> YOUR ASSIGNMENT: Please give every line below again exactly, but not its pictures.

> SOURCE MATERIAL:
---------------

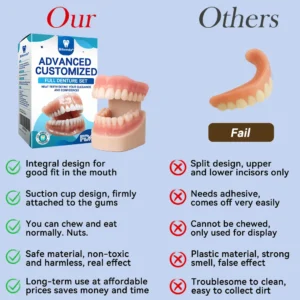 Bikenda® 👧🏻🔆- 𝐏𝐫𝐞𝐦𝐢𝐮𝐦 𝐃𝐞𝐧𝐭𝐮𝐫𝐞- (✨Suitable for all mouth shapes, custom-made dentures for a perfect fit✨）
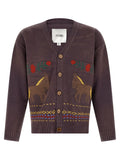 FOUND Brown Cotton Cardigan
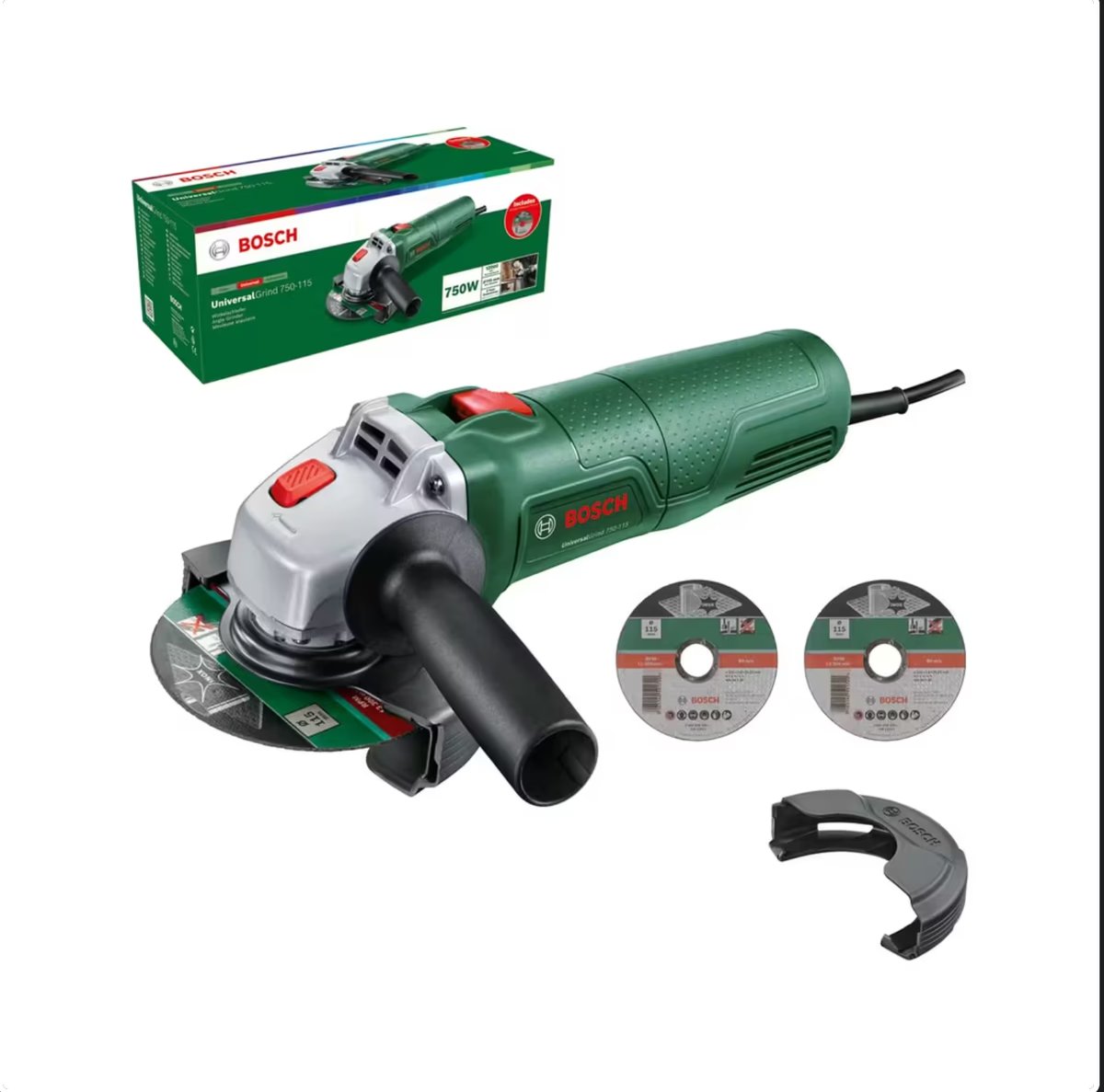 Bosch Small Angle Grinder UniversalGrind 750-115 750w 3 X Straight Cutting Discs; for Grinding, Cutting, Brushing and Sanding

---------------

> RESPONSE TO THIS EXERCISE:
 Bikenda® 👧🏻🔆- 𝐏𝐫𝐞𝐦𝐢𝐮𝐦 𝐃𝐞𝐧𝐭𝐮𝐫𝐞- (✨Suitable for all mouth shapes, custom-made dentures for a perfect fit✨）
 FOUND Brown Cotton Cardigan
 Bosch Small Angle Grinder UniversalGrind 750-115 750w 3 X Straight Cutting Discs; for Grinding, Cutting, Brushing and Sanding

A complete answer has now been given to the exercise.